Atatürk sahilde görüp çok etkilendiği ulu bir çınar ağacının yanına bir köşk yaptırır. Fakat bir süre sonra çınarın dalları köşkün çatısına zarar vermeye başlar ve bahçıvan Atatürk’ten dalları kesmek için izin ister. Atatürk dalların kesilmesi yerine köşkün yürütülmesini isteyince de köşk, İstanbul'dan getirtilen tramvay rayları üzerinde sekiz çocuk adımı yürütülür.
İşte "Yürüyen Çınar" ilhamını bu meşhur çınardan alıyor. Çınar nasıl da öfkeliydi bir gün. Çıkardı köklerini topraktan, yürüdü yapraklarını fırlata fırlata. Nereye böyle çınar? Atatürk dallarına zarar gelmesin diye taşıtmadı mı koca köşkü yanından?..

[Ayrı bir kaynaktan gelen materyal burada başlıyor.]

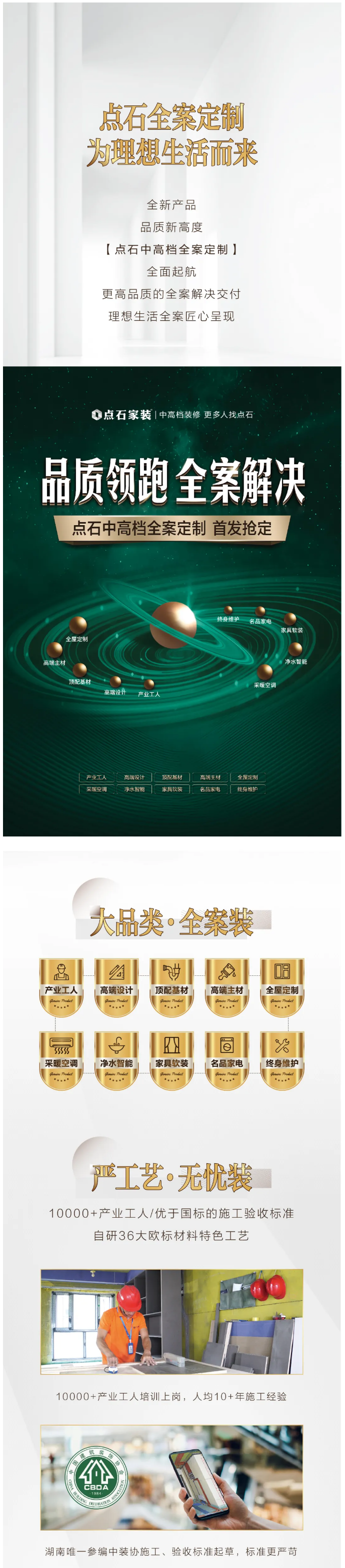 &#40857;&#56;&#45;&#108;&#111;&#110;&#103;&#56;&#40;&#20013;&#22269;&#41;&#21807;&#19968;&#23448;&#26041;&#32593;&#31449;&#45;&#31185;&#25216;&#39046;&#33322;&#31449;
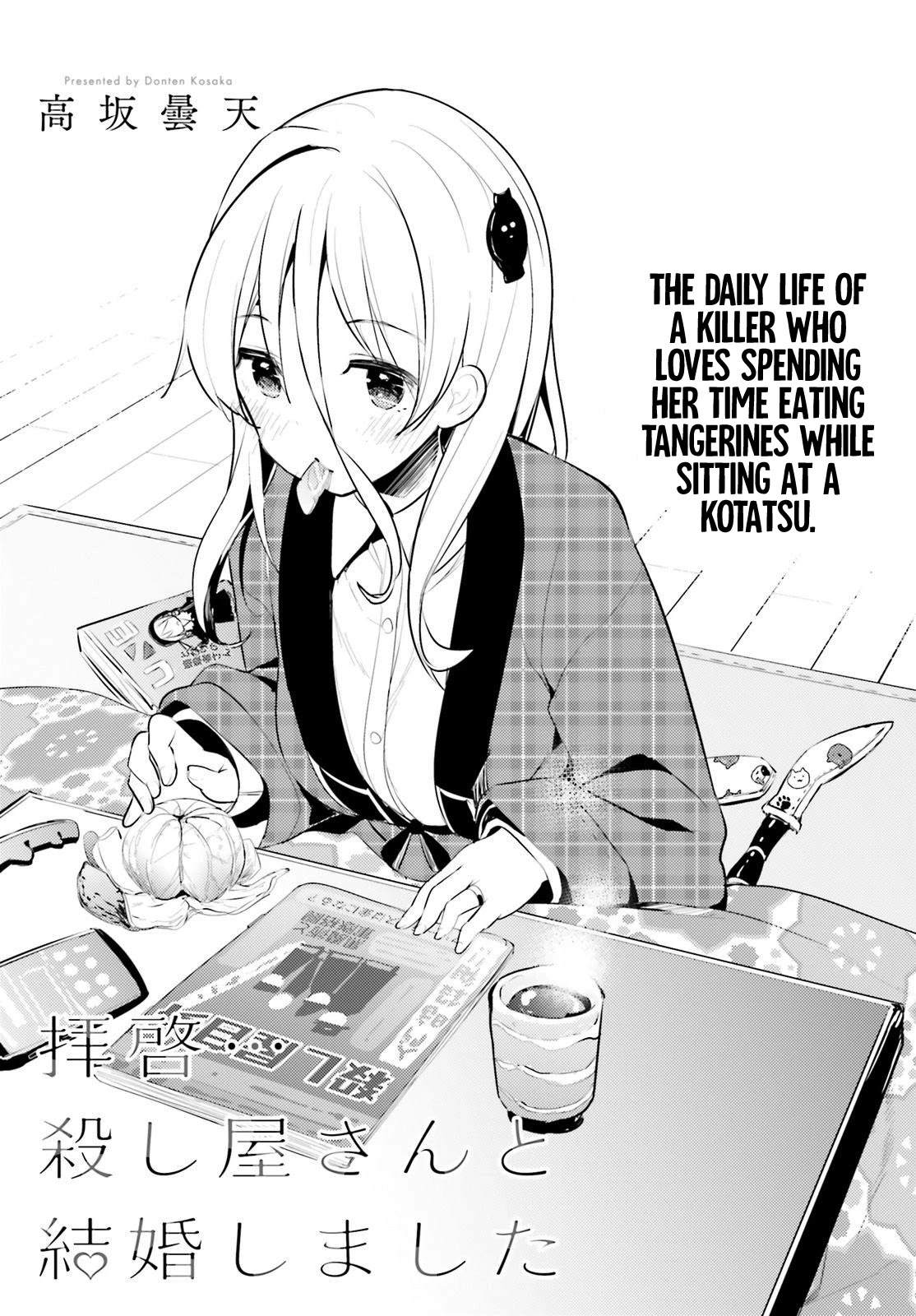 Dear Sir... I Married a Killer Chapter 5 page 3 - Chapter 5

Ödüllü sanatçı Huban Korman'ın rengârenk resimleriyle yeniden raflarda yerini alan "Yürüyen Çınar", ağaçları ve doğayı korumanın önemini vurgulayan bir öykü. Hem çocuklara hem yetişkinlere yönelik kitaplarıyla sevilen yazar Simlâ Sunay'ın yazdığı bu öykünün kahramanları ise, Yürüyen Köşk’ün tarihi çınarı ile çocuklar.